Assigned task
From the line with "Lord El Melloi" to the end of the data below, restate each line word for word, both ends included, without the pictures.

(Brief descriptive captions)
++++++

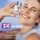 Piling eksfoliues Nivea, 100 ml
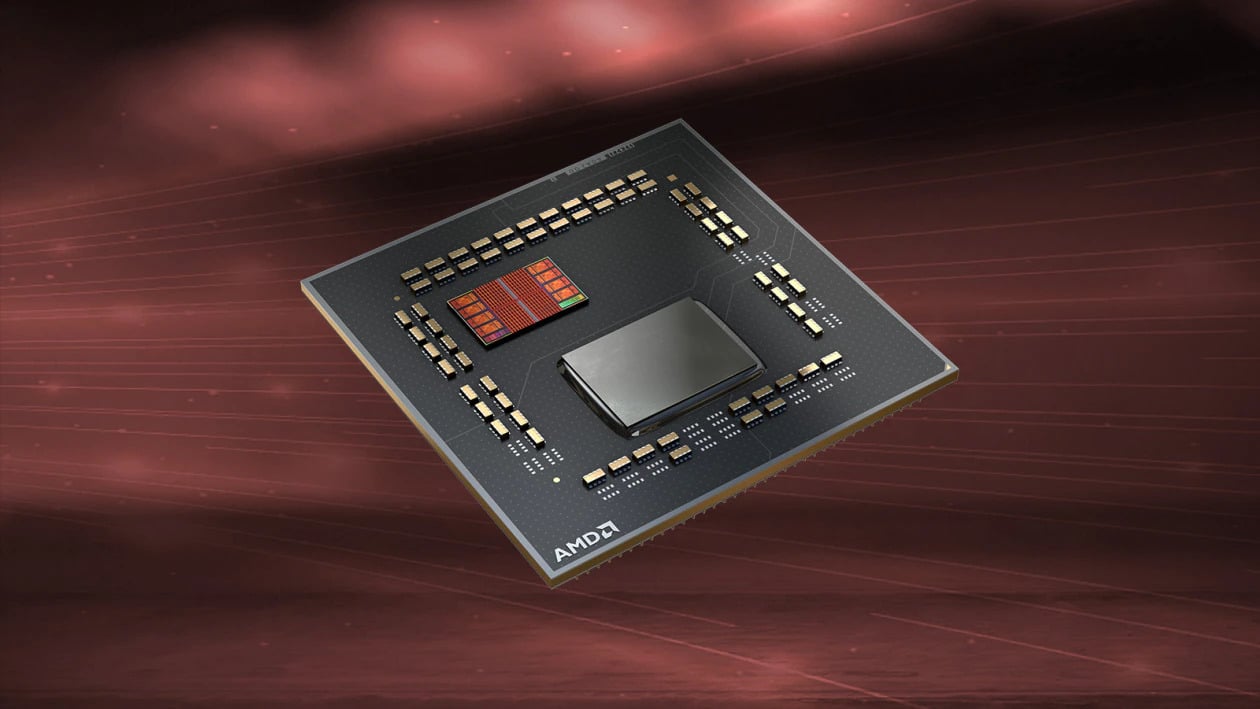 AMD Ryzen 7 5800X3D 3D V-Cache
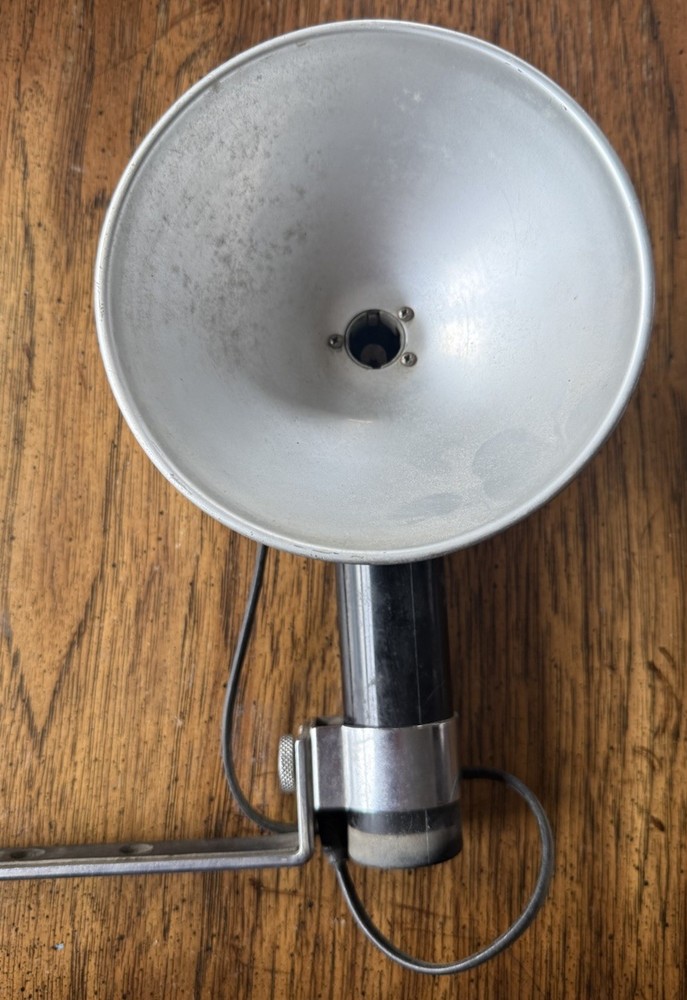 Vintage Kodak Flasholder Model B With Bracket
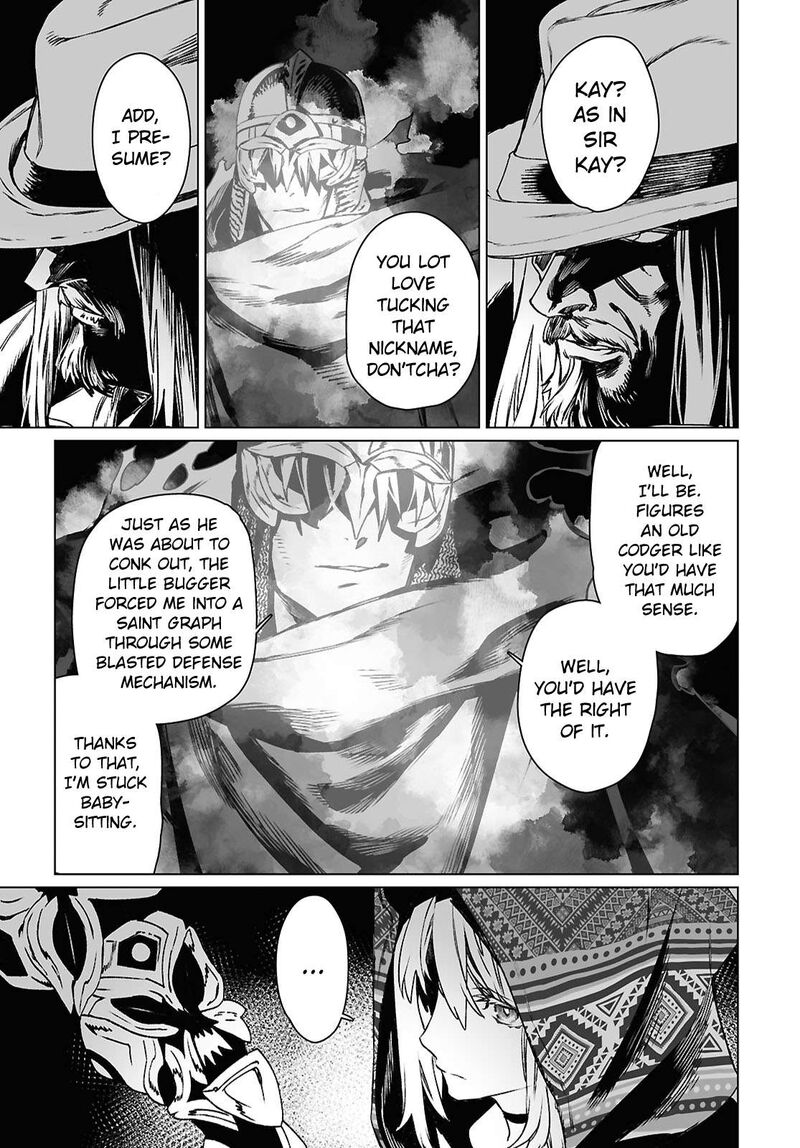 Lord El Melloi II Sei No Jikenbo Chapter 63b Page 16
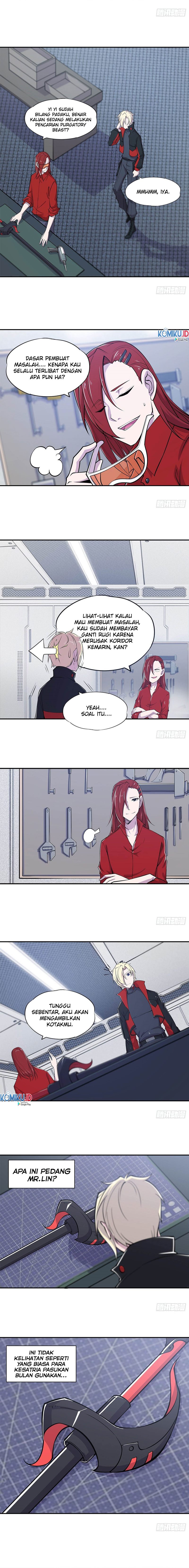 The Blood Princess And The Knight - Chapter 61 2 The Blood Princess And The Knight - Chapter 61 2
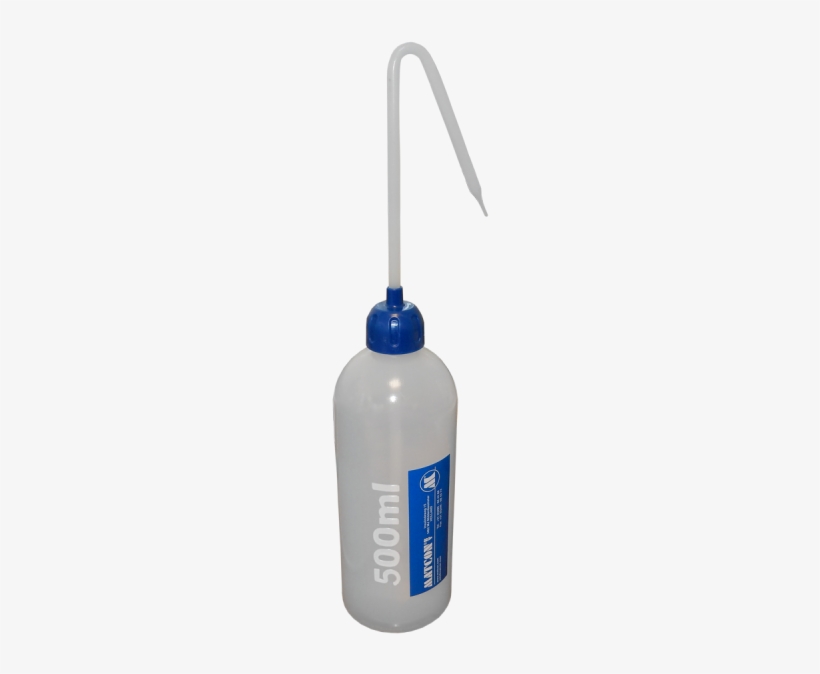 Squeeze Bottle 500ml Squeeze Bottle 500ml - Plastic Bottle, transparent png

++++++

Answer area
 Lord El Melloi II Sei No Jikenbo Chapter 63b Page 16
 The Blood Princess And The Knight - Chapter 61 2 The Blood Princess And The Knight - Chapter 61 2
 Squeeze Bottle 500ml Squeeze Bottle 500ml - Plastic Bottle, transparent png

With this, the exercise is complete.